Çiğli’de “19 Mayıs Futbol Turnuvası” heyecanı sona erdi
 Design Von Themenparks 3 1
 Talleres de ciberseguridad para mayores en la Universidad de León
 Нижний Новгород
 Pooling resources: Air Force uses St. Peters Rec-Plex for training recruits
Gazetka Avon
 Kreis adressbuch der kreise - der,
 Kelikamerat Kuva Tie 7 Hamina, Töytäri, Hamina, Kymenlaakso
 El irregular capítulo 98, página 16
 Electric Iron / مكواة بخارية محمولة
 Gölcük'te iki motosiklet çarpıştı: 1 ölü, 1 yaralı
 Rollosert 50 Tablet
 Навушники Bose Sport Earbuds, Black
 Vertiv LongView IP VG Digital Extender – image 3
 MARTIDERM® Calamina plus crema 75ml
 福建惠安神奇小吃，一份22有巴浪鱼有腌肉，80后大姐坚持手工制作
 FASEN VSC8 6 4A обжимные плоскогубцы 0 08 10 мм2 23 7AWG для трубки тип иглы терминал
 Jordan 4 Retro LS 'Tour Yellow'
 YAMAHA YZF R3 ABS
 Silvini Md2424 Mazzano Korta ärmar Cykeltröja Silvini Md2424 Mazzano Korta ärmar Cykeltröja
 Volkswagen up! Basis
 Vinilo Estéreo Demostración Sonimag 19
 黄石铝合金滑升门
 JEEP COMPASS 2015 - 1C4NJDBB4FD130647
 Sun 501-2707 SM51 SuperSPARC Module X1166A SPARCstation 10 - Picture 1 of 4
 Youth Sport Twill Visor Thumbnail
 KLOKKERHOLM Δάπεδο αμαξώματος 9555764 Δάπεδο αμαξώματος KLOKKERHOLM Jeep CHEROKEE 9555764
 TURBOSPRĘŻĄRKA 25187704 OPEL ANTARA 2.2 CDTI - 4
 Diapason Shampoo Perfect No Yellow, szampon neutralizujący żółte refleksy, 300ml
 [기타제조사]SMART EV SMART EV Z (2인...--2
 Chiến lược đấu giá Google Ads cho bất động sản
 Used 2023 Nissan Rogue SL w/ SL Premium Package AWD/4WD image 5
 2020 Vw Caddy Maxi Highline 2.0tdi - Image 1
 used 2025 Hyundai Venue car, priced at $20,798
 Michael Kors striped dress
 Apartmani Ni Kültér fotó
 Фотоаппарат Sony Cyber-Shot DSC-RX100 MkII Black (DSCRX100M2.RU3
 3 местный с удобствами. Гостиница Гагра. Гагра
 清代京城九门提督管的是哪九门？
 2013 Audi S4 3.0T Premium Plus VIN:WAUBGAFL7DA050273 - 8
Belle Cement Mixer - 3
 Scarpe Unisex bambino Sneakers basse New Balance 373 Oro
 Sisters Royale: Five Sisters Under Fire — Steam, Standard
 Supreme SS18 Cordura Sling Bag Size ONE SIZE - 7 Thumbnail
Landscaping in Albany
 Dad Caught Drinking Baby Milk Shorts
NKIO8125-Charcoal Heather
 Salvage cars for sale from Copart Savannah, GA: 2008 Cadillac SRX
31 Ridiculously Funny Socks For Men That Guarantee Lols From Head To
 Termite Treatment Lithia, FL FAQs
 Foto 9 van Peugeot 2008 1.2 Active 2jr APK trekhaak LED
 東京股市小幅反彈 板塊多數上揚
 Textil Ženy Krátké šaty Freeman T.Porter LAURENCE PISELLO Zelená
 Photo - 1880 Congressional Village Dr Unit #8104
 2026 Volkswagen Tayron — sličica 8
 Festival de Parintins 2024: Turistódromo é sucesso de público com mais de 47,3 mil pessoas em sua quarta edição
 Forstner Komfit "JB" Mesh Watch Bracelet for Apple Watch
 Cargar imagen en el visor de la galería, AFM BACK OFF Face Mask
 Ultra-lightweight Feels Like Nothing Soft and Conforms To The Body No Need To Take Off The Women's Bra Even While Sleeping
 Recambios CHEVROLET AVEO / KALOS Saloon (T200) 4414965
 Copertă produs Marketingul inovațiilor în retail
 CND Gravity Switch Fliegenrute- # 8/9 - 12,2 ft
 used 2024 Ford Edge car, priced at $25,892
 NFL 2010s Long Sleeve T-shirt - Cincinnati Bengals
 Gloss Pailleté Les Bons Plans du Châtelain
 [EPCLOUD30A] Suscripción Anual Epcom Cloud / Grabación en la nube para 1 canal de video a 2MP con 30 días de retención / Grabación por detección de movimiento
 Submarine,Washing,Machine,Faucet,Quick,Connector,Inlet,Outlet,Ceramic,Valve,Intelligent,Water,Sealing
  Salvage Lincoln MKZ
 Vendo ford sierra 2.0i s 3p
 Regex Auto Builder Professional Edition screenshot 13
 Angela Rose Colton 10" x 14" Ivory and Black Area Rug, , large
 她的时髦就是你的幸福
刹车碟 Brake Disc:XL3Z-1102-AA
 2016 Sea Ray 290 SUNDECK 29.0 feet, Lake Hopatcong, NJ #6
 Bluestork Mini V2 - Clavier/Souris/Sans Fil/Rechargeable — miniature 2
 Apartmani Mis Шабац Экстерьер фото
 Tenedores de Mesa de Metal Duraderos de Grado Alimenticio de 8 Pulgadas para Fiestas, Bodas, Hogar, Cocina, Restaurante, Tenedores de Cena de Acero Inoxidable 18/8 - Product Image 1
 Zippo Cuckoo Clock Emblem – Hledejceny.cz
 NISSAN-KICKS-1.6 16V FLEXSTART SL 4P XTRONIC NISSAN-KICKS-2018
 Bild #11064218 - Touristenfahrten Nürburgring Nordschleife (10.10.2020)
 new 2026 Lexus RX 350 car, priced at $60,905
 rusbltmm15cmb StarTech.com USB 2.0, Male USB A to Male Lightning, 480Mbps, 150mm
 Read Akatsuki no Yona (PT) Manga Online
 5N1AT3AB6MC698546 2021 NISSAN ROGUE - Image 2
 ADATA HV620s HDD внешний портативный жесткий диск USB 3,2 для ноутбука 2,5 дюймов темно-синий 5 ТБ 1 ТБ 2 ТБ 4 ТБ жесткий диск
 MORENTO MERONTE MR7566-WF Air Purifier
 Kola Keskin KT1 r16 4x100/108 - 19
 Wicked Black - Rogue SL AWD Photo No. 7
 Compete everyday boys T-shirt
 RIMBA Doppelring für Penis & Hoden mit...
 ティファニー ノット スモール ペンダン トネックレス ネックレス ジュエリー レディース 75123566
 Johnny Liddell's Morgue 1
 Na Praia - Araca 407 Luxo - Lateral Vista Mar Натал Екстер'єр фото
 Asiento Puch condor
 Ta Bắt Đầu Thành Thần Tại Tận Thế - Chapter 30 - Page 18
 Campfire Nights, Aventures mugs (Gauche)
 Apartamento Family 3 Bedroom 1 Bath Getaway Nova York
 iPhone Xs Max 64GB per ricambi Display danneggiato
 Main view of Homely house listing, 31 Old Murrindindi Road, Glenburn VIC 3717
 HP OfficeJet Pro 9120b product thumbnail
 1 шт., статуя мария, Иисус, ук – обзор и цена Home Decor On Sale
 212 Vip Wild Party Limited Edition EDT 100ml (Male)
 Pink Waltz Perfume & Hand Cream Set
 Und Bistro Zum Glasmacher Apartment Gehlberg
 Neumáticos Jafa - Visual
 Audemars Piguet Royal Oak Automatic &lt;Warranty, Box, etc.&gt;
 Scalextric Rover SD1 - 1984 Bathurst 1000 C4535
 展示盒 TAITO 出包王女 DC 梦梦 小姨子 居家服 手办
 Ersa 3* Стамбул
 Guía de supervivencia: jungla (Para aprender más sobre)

• • • • • • •

> [Task details]
Only one stretch of the records above is wanted: the lines between the one holding "Textil Ženy Krátké" and the one holding "Copertă produs Marketingul", inclusive, reproduced exactly.

> [Answer to this task]
 Textil Ženy Krátké šaty Freeman T.Porter LAURENCE PISELLO Zelená
 Photo - 1880 Congressional Village Dr Unit #8104
 2026 Volkswagen Tayron — sličica 8
 Festival de Parintins 2024: Turistódromo é sucesso de público com mais de 47,3 mil pessoas em sua quarta edição
 Forstner Komfit "JB" Mesh Watch Bracelet for Apple Watch
 Cargar imagen en el visor de la galería, AFM BACK OFF Face Mask
 Ultra-lightweight Feels Like Nothing Soft and Conforms To The Body No Need To Take Off The Women's Bra Even While Sleeping
 Recambios CHEVROLET AVEO / KALOS Saloon (T200) 4414965
 Copertă produs Marketingul inovațiilor în retail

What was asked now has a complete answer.